One of the FC5 goals is to trim down Fedora to reasonable default. When
Anaconda gets a yum backend would make it easy enough to mix and match
what packages you want. Its also a goal of the Live CD project to make
it easy to create derivatives which are compatible with Fedora
http://fedoraproject.org/wiki/LiveCD
In the age of BitTorrent, the task of distributing the new
distribution would be easy as well: set up a tracker and a few seeds
with good connectivity, and the problem is solved.
(Actually, that scares me a little -- what if somebody spins a
'black hat linux' with a bad ssh that misrepresents itself as FC and
spreads the .torrent file around the net?)
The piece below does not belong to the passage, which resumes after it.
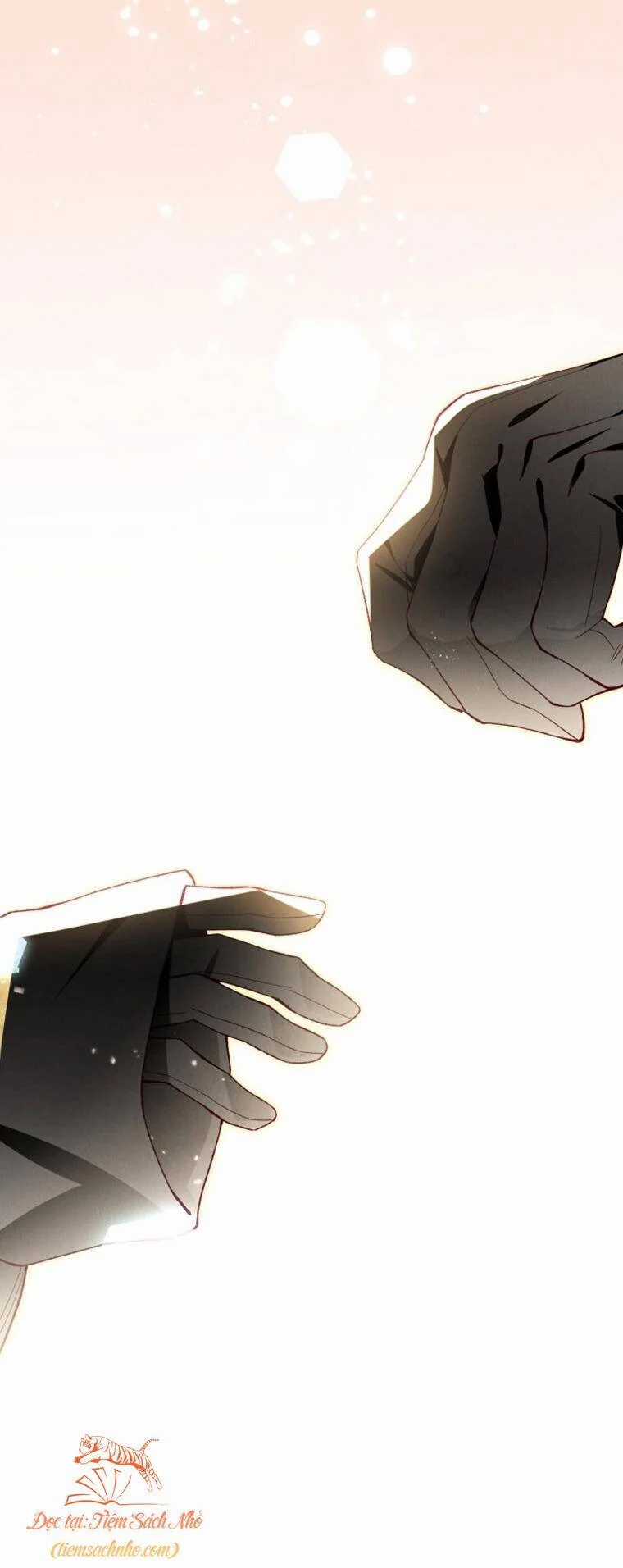 Nuôi Vị Hôn Phu Bằng Tiền Bạc Chapter 39 trang 12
Pretty good question. The legal protection against people
misrepresenting Fedora is through trade marks
http://fedora.redhat.com/about/trademarks/
This kind of project would make Extras more relevant: people who
want to put packages in alternative distributions would have a
motivation to get packages into Extras so they can benefit from the
update network.
I believe with the current work in Anaconda helps a lot in blurring out
the differences between core and extras. If someone takes up the project
of spinning off Fedora Extras repository into ISO images it pretty much
makes it irrelevant whether its in core or extras for a lot of people.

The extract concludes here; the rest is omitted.